Alfredo Armas Alfonzo
A comienzos de los años 80
del pasado siglo, Alfredo Armas Alfonzo, autor de una importantísima obra de
ficción y crónica, y primer director de cultura de la Universidad de Oriente,
estuvo en una conversación sobre su vida y sus libros en la Casa Ramos Sucre.
El siguiente texto es una transcripción de un fragmento de su intervención.
Cumaná
entraña y desentraña significaciones que no todo hombre ha recibido de
territorio alguno. Cumaná está llena de los miedos de la infancia, y de las
infelicidades de la pobreza, pero también está llena de eso que hace la
tiernísima felicidad del hombre, es
decir, aquellos hechos conmovedores de algún sentimiento que ni nombre tiene.

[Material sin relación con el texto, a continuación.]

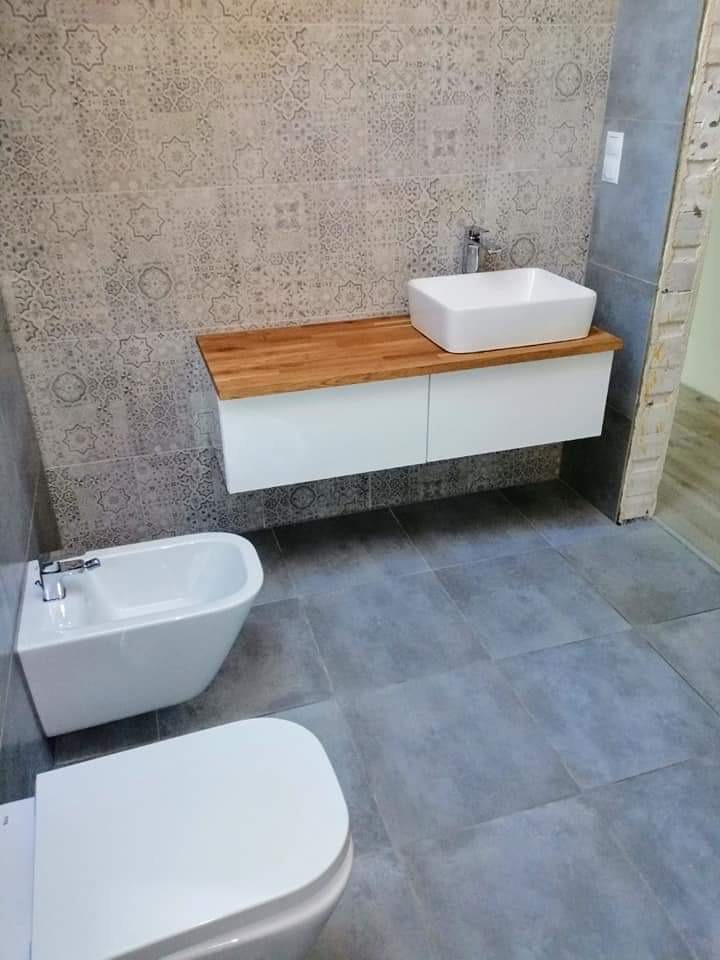 Nowoczesna łazienka z szarą płytką podłogową i ścienną w marokańskie wzory, biała umywalka nablatowa na drewnianym blacie, bidet i toaleta.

Cumaná está en la vida de uno, dentro del hueso, de una forma que uno ya no
puede curar.
Nosotros
nos vinimos a Cumaná en 1927. La ciudad significa la patética y dramática
estancia del miedo, del terror, de las desencadenadas acciones de las fuerzas
de la tierra en que un terremoto destruye, además de muchos aspectos de la
ciudad, algo así como la identidad de la felicidad.
Papá
había venido aquí como agente de la Venezolana de Navegación. Frente a la casa
al lado de El Dolar, en Puerto Sucre, papá compró una panadería. Yo recuerdo
apenas eso de la Cumaná de esos años. En esa panadería, un panadero que debió venir
de algún lejanísimo país del misterio, inventaba caimanes de pan dulce e
increíbles aves colosales también de pan dulce, adornadas con toda una
orfebrería de la pastelería que entonces Monetti suministraba en un hotel
famoso de ese mismo nombre. En una casa que se ha mantenido inalterable tenía
Monetti su famoso hotel y allí recibía muchos productos de importación con los
cuales se construyó esta especie de ornitología fantástica de aquella
panadería.
Esa
panadería fue lo primero que se derrumbó y la primera herida que nosotros
sufrimos. Hay demasiados hechos de la Cumaná de entonces que constituyen como
el tumulto de la vida de esos días, como la sensación de inmensa gloria pero de
desolador acabamiento, de gran alzada del amor, de la alegría, y al mismo
tiempo de la peor de las destrucciones. Cuando se produce el primer movimiento
telúrico ocurre algo que yo sigo asociando al misterio. Detrás de la casa donde
vivíamos, en un patio donde traían cochinos de Araya, cuyos cascos se desfiguraban
por la sal impidiéndoles caminar, lo que los hacía también animales
fantásticos, había una fábrica de aceite de coco, y el primer movimiento volcó
las ollas y un río de aceite de coco corrió por las calles de Puerto Sucre. Un
río verdadero. Entre ese río de aceite, los gritos, el polvo que se levanta de la panadería y, sigo creyendo yo, los dolorosos ayes de la
fauna que allí terminó, Mercedes Alfonzo, mi madre, herida en un hombro, corre
hacia la playa; pero entonces se alza un gigantesco mar (ella decía de treinta
metros; yo siempre he dicho que era mucho más: trescientos metros) que venía a
asolar al pueblo de Cumaná. Mercedes Alfonzo, con las ropas desgarradas, agarra
a sus hijos, corre invocando a santos que no estaban en el santoral (una santa
Cecilia que no tenía nada que hacer con la música del terremoto). Cuando esto,
toda Cumaná aterrada huye del río cuando se produce el segundo movimiento y
toda el agua del río se vuelca sobre la
parte plana de la ciudad a encontrarse con la gigantesca ola que viene del mar.
Y
Mercedes Alfonzo se postró de rodillas, invoca al cielo y, esta vez sí, a la
patrona de Cumaná. Y la ola no se abatió sobre Cumaná.